Actually we have had to watch it over two nights because we did not have time for the whole thing on the first night. Mark does not usually come in from work until after seven o’clock, and so by the time we have eaten, there is not very much time for watching films before we both start nodding off on the sofa.

Nevertheless it is a splendid thing. I can hardly believe in the wonder of having almost a proper cinema, actually in my own house, at the touch of a button. I think I would like to watch some spectacular and exciting films, the sort where tidal waves crash over the Empire State building or where you are made to feel as if you are leaping across great chasms or soaring over mountaintops. I like this sort of film, although regrettably they don’t usually come with much of a story, and they do make me feel just a bit unsteady, as if I had just come off an old-fashioned sort of roller coaster, like the ones in Blackpool.

Tonight’s film was not about leaping off things. It was called Emma, and was written by Jane Austen.

Obviously she did not write the film, although I think she may have contributed the odd line here and there.

I was a bit apprehensive about watching it, because I like Jane Austen’s books, and I wanted it to be good. One of the small sadnesses in my life came when I finished reading the last of her books, and realised that I would never, ever again have the pleasure of reading a Jane Austen novel for the first time. I have read them all again, many times since, but there is something special about reading a book for the very first time.

I was especially apprehensive, because when we pressed the starting button, a little disclaiming sentence came on the screen explaining that the film was certified U, but nevertheless contained violence, bad language and drug taking.

You can look at it on Amazon for yourself if you don’t believe me.

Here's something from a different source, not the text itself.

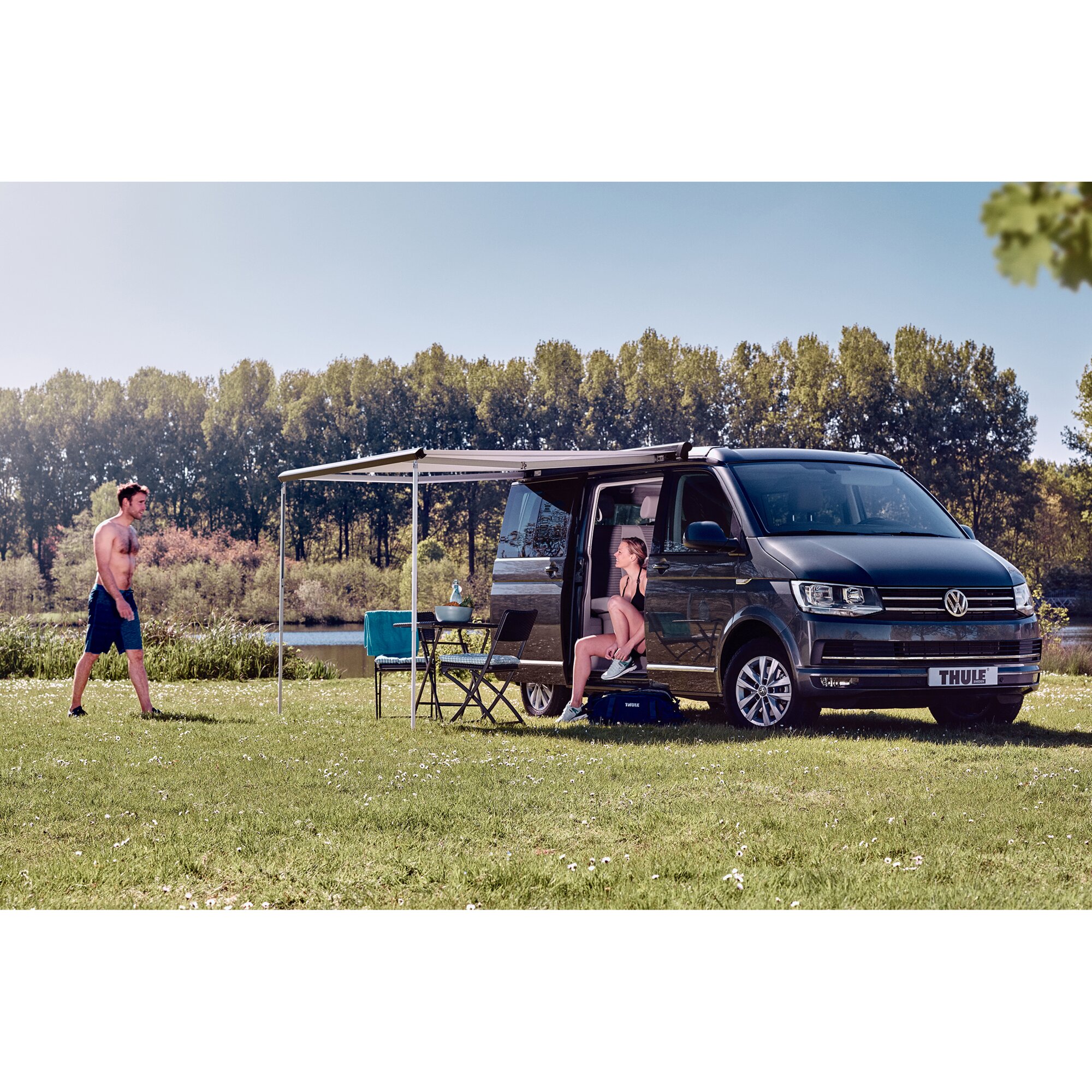 Markise Thule Omnistor 5102, hellgrau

Mark said that it promised to be a more exciting evening than he had been expecting, and poured a glass of wine.

I am very pleased to tell you that it turned out that Amazon had been making that bit up, because there were no scenes of violence and drug taking, and nobody used any bad language, sorry if that was a spoiler. Also I liked the film very much, most especially because it was so very beautiful. It is worth watching if you are considering redesigning your house, because of the lovely colours.

We are not redesigning ours, because we have only just finished, and I do not think that Mark would be at all pleased if I suggested starting again. All the same, it made me happy just to sit and gaze at it, and actually I would not have minded if there had not been a story to this film, just pictures. It is splendid to have such a marvellous window on to the world.

In other news, obviously I have been doing lots of other things as well as watching films on our beautiful new screen. Mostly they are not very interesting to write about, because they are things like taking the sheets off Lucy’s bed and sighing a little because she has gone. This was a small moment of sadness, but not really worth much space in a diary, because what happened next was feeling disgruntled with Roger Poopy, who very clearly has been illicitly occupying her bed and leaving muddy paw prints in it, followed by setting the washing machine off on a high temperature and then trying unsuccessfully to get things dry in the garden.

That was what I was doing, not Roger Poopy, obviously.

Mark sent me the picture from work. He was rurally broadbanding on a mountaintop, and suggested that we lived on one one day.

I don’t think that I would like that very much. It would be a very long walk to the Co-op.